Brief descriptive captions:
================
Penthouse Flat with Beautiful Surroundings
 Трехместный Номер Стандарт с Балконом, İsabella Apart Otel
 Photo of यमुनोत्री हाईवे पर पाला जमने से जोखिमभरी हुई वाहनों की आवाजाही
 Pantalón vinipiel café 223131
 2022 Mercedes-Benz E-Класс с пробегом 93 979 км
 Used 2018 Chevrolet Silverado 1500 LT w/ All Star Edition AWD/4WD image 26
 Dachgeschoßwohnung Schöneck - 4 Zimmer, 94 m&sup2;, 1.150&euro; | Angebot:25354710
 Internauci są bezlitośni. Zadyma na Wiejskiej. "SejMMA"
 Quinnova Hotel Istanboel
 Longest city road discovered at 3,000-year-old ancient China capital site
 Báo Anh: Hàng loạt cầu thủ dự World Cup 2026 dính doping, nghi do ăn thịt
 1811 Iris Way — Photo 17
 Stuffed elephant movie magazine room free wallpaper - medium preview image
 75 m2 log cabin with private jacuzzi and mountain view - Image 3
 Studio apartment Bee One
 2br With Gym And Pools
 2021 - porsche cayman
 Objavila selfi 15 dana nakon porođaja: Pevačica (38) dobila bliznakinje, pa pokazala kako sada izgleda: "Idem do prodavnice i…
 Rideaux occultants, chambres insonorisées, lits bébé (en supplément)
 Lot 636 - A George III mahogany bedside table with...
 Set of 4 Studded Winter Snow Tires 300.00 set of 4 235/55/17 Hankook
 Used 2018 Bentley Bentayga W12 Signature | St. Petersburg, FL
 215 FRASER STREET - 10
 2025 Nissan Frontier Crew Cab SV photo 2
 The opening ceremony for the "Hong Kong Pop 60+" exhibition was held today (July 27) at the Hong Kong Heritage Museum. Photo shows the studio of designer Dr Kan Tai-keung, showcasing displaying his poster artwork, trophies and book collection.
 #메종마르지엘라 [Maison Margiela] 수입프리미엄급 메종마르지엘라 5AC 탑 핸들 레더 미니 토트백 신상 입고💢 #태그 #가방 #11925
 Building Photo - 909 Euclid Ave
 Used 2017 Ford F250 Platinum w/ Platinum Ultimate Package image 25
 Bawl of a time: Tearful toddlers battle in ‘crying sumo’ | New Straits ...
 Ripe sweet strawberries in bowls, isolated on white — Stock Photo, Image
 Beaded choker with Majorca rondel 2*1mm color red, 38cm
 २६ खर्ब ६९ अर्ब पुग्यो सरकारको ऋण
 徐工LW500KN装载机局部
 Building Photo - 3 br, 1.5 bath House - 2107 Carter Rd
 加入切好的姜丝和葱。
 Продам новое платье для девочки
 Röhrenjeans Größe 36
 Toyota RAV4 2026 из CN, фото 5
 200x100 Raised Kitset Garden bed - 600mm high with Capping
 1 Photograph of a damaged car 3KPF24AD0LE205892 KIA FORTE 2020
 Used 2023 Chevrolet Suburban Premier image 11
================
Your task is to copy all of the entries exactly.

» **Answer box**
Penthouse Flat with Beautiful Surroundings
 Трехместный Номер Стандарт с Балконом, İsabella Apart Otel
 Photo of यमुनोत्री हाईवे पर पाला जमने से जोखिमभरी हुई वाहनों की आवाजाही
 Pantalón vinipiel café 223131
 2022 Mercedes-Benz E-Класс с пробегом 93 979 км
 Used 2018 Chevrolet Silverado 1500 LT w/ All Star Edition AWD/4WD image 26
 Dachgeschoßwohnung Schöneck - 4 Zimmer, 94 m&sup2;, 1.150&euro; | Angebot:25354710
 Internauci są bezlitośni. Zadyma na Wiejskiej. "SejMMA"
 Quinnova Hotel Istanboel
 Longest city road discovered at 3,000-year-old ancient China capital site
 Báo Anh: Hàng loạt cầu thủ dự World Cup 2026 dính doping, nghi do ăn thịt
 1811 Iris Way — Photo 17
 Stuffed elephant movie magazine room free wallpaper - medium preview image
 75 m2 log cabin with private jacuzzi and mountain view - Image 3
 Studio apartment Bee One
 2br With Gym And Pools
 2021 - porsche cayman
 Objavila selfi 15 dana nakon porođaja: Pevačica (38) dobila bliznakinje, pa pokazala kako sada izgleda: "Idem do prodavnice i…
 Rideaux occultants, chambres insonorisées, lits bébé (en supplément)
 Lot 636 - A George III mahogany bedside table with...
 Set of 4 Studded Winter Snow Tires 300.00 set of 4 235/55/17 Hankook
 Used 2018 Bentley Bentayga W12 Signature | St. Petersburg, FL
 215 FRASER STREET - 10
 2025 Nissan Frontier Crew Cab SV photo 2
 The opening ceremony for the "Hong Kong Pop 60+" exhibition was held today (July 27) at the Hong Kong Heritage Museum. Photo shows the studio of designer Dr Kan Tai-keung, showcasing displaying his poster artwork, trophies and book collection.
 #메종마르지엘라 [Maison Margiela] 수입프리미엄급 메종마르지엘라 5AC 탑 핸들 레더 미니 토트백 신상 입고💢 #태그 #가방 #11925
 Building Photo - 909 Euclid Ave
 Used 2017 Ford F250 Platinum w/ Platinum Ultimate Package image 25
 Bawl of a time: Tearful toddlers battle in ‘crying sumo’ | New Straits ...
 Ripe sweet strawberries in bowls, isolated on white — Stock Photo, Image
 Beaded choker with Majorca rondel 2*1mm color red, 38cm
 २६ खर्ब ६९ अर्ब पुग्यो सरकारको ऋण
 徐工LW500KN装载机局部
 Building Photo - 3 br, 1.5 bath House - 2107 Carter Rd
 加入切好的姜丝和葱。
 Продам новое платье для девочки
 Röhrenjeans Größe 36
 Toyota RAV4 2026 из CN, фото 5
 200x100 Raised Kitset Garden bed - 600mm high with Capping
 1 Photograph of a damaged car 3KPF24AD0LE205892 KIA FORTE 2020
 Used 2023 Chevrolet Suburban Premier image 11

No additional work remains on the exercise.